■ **EXERCISE GOAL**:
Please copy exactly the part of the records below that opens with the line containing "bệnh chốc lây" and closes with the line containing "Amyloid Plaques concept", leaving out any pictures.

■ **DATA PROVIDED**:
------------
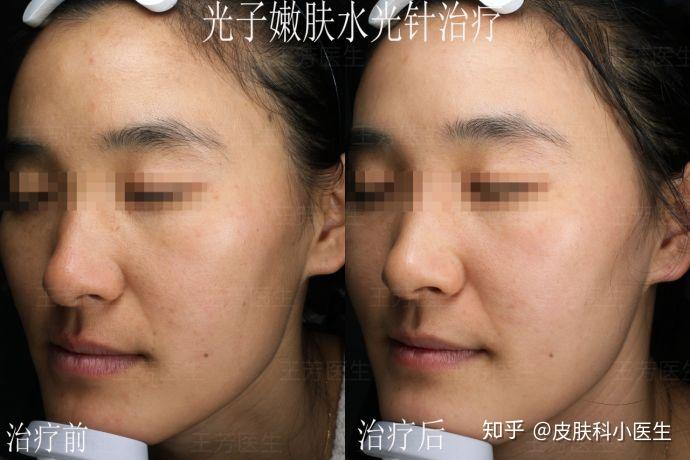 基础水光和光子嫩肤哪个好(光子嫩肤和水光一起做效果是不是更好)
------------
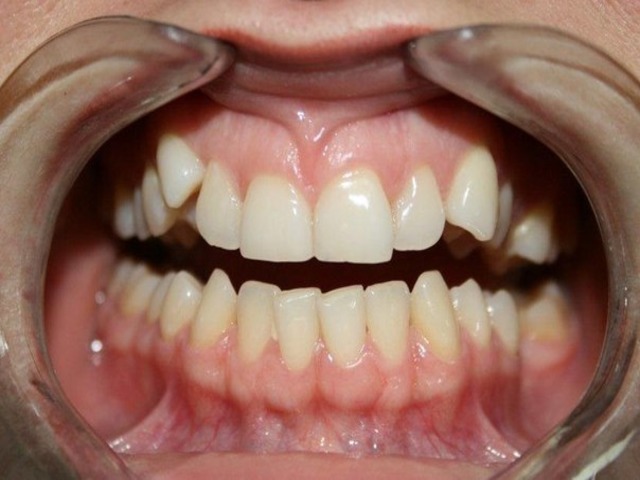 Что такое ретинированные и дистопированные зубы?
------------
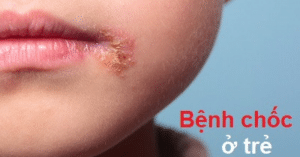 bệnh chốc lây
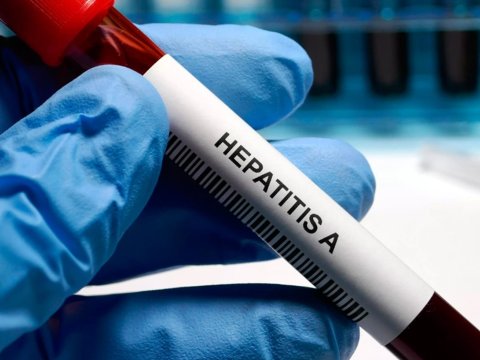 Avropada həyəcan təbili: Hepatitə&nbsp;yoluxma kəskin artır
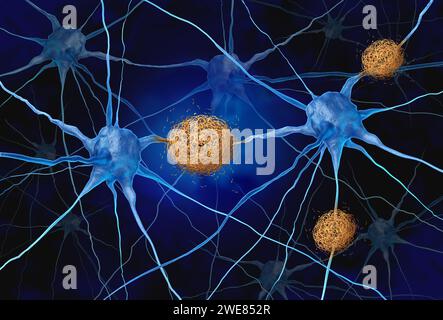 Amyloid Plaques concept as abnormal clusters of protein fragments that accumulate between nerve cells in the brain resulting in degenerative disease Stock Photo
------------
■ **REPLY TO THE TASK**:
 bệnh chốc lây
 Avropada həyəcan təbili: Hepatitə&nbsp;yoluxma kəskin artır
 Amyloid Plaques concept as abnormal clusters of protein fragments that accumulate between nerve cells in the brain resulting in degenerative disease Stock Photo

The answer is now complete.